Saved entries
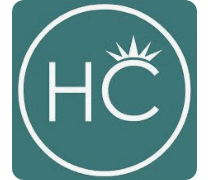 Discount Code for Hidden Crown, Deals and offers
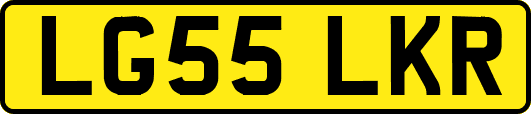 LG55LKR
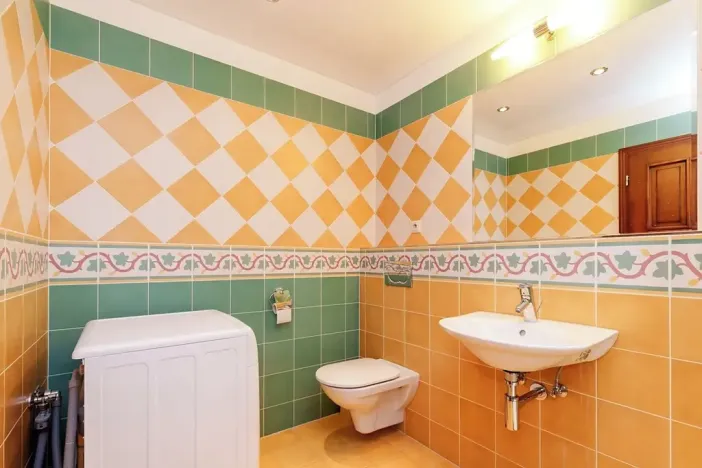 Prodej bytu 3+kk, Karlovy Vary, Libušina, 88 m2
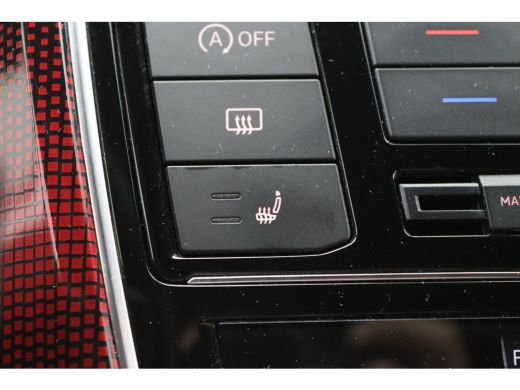 Volkswagen up! 1.0 TSI GTI | Achteruitrijcamera | Afwijkende dakkleur | Airco (automatisch) ActivLease financial lease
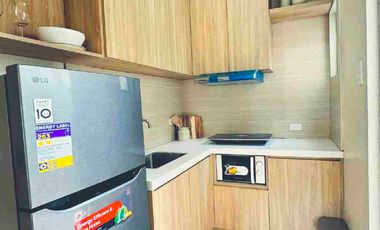 2 STOREY HOUSE AND LOT IN UPPER ANTIPOLO CITY, PRESELLING PRICE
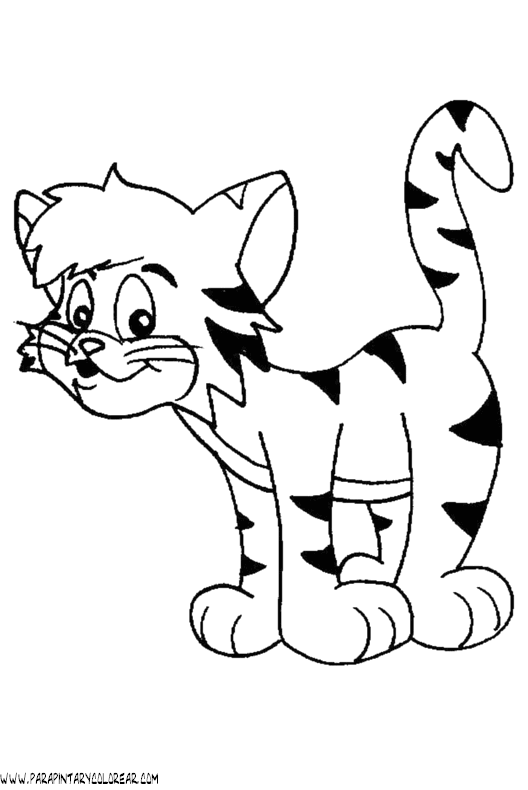 dibujos-de-gatos-133.gif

WHAT IS BEING ASKED
Leave the pictures out and reproduce all of the records exactly.

ANSWER TO THIS PROBLEM
 Discount Code for Hidden Crown, Deals and offers
 LG55LKR
 Prodej bytu 3+kk, Karlovy Vary, Libušina, 88 m2
 Volkswagen up! 1.0 TSI GTI | Achteruitrijcamera | Afwijkende dakkleur | Airco (automatisch) ActivLease financial lease
 2 STOREY HOUSE AND LOT IN UPPER ANTIPOLO CITY, PRESELLING PRICE
 dibujos-de-gatos-133.gif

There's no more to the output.